Borderplex Alliance: Felipe Calderon to address manufacturing investment opportunities at the border given tensions in US-China trade
EL PASO, TX (Border Report) – A former President of Mexico will be the keynote speaker at the 2021 Borderplex Alliance US-Mexico Border Summit next month.
Felipe Calderon Hinojosa will address trade issues, such as how Mexico can benefit from trade tensions between the United States and China and how attracting European investment can be essential for border companies, according to the group.
The summit begins at 7:30 a.m. on November 4 at the Plaza Hotel Pioneer Park, 106 W. Mills Ave. in El Paso. Calderon’s midday speech takes place in a collection room at the Paso del Norte hotel across the street. You can click here for more details on attending the summit.
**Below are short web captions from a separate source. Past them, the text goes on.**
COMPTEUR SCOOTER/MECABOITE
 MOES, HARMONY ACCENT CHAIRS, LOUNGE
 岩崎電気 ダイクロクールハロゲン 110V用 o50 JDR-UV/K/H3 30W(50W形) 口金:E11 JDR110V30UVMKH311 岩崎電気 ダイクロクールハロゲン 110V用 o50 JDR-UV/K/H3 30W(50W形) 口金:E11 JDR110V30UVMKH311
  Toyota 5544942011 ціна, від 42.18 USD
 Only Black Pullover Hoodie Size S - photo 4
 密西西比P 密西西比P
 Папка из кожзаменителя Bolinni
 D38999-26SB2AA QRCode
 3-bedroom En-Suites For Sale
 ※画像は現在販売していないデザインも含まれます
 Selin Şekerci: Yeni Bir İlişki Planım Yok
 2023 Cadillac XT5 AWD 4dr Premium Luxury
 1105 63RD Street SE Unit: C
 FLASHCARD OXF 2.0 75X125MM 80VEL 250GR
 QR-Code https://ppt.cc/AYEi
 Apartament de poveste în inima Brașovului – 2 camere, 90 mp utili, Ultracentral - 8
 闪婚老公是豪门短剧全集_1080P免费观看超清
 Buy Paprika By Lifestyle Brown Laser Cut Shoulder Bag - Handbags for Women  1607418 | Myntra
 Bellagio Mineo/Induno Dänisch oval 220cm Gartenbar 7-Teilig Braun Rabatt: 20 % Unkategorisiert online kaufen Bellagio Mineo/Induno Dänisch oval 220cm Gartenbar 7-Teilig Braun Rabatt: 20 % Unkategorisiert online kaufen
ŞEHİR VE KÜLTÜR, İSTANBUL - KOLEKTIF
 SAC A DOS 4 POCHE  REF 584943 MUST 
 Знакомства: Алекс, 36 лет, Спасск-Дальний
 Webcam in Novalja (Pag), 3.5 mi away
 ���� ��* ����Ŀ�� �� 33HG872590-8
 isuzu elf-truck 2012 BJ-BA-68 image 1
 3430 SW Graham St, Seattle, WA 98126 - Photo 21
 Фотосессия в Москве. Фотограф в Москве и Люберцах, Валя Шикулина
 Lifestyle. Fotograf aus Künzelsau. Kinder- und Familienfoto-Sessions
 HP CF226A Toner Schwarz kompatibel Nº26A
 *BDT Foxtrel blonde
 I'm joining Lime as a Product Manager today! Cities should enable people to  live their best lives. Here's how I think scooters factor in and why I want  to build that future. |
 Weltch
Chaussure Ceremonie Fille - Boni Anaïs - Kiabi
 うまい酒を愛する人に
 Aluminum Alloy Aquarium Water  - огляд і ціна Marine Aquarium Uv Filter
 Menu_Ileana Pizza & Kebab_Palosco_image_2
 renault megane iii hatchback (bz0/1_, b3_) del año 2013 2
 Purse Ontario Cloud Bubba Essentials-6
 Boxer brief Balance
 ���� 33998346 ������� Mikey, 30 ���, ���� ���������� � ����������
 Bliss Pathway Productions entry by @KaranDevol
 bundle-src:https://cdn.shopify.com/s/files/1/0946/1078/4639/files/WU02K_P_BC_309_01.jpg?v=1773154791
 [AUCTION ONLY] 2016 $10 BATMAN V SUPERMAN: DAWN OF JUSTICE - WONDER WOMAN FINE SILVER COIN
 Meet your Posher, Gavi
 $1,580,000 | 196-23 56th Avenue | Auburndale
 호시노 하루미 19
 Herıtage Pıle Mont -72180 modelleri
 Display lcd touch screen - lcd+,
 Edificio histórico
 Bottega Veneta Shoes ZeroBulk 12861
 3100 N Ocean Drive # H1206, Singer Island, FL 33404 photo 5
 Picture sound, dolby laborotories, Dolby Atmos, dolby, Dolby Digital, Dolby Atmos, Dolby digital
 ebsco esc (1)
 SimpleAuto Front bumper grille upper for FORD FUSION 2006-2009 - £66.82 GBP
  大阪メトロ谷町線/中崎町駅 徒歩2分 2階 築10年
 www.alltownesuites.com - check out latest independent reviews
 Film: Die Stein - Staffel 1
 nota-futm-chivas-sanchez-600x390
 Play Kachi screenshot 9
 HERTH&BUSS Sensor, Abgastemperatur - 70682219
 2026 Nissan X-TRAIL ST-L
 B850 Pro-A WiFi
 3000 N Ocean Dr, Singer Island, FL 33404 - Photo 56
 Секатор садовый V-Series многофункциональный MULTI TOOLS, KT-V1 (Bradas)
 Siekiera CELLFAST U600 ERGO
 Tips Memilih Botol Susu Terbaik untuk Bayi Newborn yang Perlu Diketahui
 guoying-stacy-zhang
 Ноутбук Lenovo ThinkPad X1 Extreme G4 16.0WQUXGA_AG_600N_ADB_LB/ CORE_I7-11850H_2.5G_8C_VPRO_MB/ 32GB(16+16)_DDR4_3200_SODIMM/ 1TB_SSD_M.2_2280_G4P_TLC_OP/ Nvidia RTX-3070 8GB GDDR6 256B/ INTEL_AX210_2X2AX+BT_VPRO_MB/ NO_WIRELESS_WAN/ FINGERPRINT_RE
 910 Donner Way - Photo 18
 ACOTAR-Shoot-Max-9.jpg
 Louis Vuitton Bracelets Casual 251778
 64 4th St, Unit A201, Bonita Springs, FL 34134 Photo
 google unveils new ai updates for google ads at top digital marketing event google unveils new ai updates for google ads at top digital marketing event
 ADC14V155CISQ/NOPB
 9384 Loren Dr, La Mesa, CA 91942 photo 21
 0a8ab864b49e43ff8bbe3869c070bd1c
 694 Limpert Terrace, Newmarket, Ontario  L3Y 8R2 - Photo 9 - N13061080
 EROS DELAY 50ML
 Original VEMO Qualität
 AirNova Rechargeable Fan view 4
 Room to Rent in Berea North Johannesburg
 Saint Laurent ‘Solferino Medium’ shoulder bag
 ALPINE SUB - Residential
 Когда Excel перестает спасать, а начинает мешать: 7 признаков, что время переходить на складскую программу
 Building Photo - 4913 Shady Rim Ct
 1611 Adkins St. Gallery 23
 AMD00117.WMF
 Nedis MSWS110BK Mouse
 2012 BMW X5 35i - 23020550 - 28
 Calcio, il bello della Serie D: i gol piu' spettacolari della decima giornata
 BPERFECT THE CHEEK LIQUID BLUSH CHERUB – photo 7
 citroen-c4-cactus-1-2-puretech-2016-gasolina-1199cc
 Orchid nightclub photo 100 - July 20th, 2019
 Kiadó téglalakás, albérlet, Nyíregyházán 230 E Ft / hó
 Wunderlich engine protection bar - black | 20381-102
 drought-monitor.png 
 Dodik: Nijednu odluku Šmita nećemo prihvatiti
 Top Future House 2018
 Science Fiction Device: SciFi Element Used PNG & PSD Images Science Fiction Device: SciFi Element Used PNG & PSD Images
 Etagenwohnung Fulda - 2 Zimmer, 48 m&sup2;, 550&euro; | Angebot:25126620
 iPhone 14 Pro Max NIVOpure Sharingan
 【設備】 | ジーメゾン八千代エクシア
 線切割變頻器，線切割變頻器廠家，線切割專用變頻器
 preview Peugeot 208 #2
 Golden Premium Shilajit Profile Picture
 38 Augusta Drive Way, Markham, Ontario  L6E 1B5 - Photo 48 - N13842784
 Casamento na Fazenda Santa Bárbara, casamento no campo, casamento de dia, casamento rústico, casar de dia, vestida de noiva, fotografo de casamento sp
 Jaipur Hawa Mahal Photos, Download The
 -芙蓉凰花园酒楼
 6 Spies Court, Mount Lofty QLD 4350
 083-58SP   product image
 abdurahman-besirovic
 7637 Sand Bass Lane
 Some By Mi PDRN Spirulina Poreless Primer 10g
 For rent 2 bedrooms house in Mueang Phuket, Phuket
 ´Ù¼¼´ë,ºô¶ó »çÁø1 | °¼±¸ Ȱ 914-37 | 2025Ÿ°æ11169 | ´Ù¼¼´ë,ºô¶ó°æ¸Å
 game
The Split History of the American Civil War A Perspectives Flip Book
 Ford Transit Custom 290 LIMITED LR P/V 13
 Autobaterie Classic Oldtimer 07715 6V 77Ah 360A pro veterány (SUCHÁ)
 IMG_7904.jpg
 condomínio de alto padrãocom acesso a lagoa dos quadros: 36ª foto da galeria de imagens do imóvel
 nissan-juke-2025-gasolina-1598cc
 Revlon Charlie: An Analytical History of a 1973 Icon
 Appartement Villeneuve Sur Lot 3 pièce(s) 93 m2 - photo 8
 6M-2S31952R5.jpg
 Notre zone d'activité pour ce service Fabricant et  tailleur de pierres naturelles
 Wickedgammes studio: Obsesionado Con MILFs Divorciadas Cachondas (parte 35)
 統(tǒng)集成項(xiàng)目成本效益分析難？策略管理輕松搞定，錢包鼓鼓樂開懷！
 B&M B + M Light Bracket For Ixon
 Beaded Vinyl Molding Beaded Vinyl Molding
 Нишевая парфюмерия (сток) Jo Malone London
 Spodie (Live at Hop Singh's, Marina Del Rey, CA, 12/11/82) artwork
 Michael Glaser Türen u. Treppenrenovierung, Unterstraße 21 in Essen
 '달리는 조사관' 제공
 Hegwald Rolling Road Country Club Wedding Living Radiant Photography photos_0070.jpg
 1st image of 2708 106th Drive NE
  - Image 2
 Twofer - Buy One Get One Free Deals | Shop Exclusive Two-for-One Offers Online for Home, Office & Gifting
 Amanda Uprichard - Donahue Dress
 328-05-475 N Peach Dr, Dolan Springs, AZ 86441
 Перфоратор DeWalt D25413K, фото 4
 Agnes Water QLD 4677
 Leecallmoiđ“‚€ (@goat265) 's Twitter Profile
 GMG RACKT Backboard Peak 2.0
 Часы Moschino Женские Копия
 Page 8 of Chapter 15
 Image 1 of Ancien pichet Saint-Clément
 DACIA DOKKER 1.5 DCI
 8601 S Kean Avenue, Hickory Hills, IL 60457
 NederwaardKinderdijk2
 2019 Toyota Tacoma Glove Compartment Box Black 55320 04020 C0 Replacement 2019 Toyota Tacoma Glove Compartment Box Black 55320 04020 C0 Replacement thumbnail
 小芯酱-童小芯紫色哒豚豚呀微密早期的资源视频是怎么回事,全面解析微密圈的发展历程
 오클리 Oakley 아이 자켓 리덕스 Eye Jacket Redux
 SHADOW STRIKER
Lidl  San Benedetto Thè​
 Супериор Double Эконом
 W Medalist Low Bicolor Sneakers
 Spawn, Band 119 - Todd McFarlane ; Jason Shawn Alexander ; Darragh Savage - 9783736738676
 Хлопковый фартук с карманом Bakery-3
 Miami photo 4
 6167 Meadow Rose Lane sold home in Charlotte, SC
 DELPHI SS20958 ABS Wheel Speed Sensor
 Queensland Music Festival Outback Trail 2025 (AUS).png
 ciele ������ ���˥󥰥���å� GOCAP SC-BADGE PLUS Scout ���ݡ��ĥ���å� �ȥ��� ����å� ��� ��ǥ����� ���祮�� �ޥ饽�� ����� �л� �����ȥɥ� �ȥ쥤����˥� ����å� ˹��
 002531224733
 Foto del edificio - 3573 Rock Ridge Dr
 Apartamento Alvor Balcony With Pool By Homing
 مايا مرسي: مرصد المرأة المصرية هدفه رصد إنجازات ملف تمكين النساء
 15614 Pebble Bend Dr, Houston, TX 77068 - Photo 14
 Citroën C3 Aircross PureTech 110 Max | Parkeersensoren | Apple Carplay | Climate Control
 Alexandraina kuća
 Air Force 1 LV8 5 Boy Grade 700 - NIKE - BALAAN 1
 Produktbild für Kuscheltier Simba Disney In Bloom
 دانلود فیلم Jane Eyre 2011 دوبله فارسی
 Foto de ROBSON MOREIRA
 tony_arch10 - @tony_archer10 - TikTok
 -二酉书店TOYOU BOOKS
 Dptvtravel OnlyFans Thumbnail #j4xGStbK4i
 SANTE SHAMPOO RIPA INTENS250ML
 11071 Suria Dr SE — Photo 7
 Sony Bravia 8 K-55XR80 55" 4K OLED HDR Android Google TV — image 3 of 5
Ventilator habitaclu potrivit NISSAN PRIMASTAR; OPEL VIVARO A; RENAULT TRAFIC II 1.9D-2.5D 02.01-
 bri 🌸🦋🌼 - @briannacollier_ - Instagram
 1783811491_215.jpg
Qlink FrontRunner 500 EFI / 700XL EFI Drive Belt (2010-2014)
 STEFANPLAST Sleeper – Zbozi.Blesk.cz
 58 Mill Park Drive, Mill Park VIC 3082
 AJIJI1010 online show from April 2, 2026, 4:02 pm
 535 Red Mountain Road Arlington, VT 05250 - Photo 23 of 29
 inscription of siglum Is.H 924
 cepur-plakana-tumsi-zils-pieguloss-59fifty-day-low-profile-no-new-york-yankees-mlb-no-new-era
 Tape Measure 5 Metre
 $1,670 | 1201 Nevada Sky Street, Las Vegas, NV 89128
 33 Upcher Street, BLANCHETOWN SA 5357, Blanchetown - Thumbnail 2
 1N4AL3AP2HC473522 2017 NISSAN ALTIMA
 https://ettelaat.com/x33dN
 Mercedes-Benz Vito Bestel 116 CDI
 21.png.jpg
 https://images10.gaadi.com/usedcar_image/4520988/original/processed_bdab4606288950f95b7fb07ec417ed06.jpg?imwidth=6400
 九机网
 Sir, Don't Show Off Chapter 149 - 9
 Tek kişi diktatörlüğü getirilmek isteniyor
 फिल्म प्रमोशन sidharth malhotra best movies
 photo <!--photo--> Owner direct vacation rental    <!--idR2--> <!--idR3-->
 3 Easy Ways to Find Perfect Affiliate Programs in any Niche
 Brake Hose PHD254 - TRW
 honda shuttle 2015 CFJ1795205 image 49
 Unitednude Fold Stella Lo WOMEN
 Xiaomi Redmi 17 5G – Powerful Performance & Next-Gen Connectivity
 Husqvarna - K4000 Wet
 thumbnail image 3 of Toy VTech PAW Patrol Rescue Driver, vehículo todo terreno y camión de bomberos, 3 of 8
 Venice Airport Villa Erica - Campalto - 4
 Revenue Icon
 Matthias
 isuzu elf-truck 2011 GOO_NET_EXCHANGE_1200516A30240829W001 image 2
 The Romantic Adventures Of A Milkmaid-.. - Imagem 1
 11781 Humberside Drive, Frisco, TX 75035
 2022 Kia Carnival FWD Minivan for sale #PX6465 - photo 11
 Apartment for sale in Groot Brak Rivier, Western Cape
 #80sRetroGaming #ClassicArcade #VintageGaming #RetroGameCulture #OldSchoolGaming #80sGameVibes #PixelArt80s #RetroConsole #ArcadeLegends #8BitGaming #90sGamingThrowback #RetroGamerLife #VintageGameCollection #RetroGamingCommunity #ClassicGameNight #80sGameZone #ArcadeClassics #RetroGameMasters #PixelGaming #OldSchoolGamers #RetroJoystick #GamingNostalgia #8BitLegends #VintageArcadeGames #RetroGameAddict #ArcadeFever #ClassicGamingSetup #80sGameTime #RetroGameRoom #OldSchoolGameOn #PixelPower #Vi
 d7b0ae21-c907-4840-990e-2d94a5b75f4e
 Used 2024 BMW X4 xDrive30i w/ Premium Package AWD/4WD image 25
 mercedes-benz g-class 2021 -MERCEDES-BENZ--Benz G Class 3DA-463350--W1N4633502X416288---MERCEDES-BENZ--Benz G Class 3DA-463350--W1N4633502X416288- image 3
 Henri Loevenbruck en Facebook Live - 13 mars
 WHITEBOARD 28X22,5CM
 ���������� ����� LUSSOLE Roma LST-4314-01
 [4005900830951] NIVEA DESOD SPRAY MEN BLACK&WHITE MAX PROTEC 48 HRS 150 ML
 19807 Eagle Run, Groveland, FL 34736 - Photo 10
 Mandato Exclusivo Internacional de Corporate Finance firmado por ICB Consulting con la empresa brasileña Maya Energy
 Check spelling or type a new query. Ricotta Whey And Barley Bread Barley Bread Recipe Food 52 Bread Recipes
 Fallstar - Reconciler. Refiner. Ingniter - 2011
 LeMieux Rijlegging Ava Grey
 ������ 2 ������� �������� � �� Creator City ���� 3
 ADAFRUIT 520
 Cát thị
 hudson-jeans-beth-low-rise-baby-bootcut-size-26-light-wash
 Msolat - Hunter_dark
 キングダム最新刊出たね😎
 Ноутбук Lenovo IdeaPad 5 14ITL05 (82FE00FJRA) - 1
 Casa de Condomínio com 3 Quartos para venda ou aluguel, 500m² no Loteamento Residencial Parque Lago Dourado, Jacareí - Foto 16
Calderon was President of Mexico from 2006 to 2012. His tenure was controversial: some credit him with growing the economy and promoting environmental protection and cooperation; others remember him for an aggressive war on drugs that backfired on him.
“He implemented policies that catapulted Mexico into a powerful player in the global economy. Since leaving his post, he has focused his leadership and attention on the economic benefits of tackling climate change and has positioned himself as a leading voice on this global issue, ”the Alliance said. Non-profit, non-partisan borderplex.
But in an Oct.31, 2012 article published by the Brookings Institution, former Mexican diplomat Andres Rozental torched Calderon for failing to make substantial structural changes to the economy and for failing to contain violence.
“Not only is the high death toll attributed to the war on cartels and other criminals sufficient proof that violence is still the order of the day, but the flow of drugs to the United States as well as the wave of guns assault and other weapons entering Mexico continue relatively unabated, ”Rozental wrote.
Some 63,000 people died in drug-related violence during the Calderon administration, including 1,000 Mexican soldiers and police, according to the nonprofit Security, Justice and Peace of Mexico.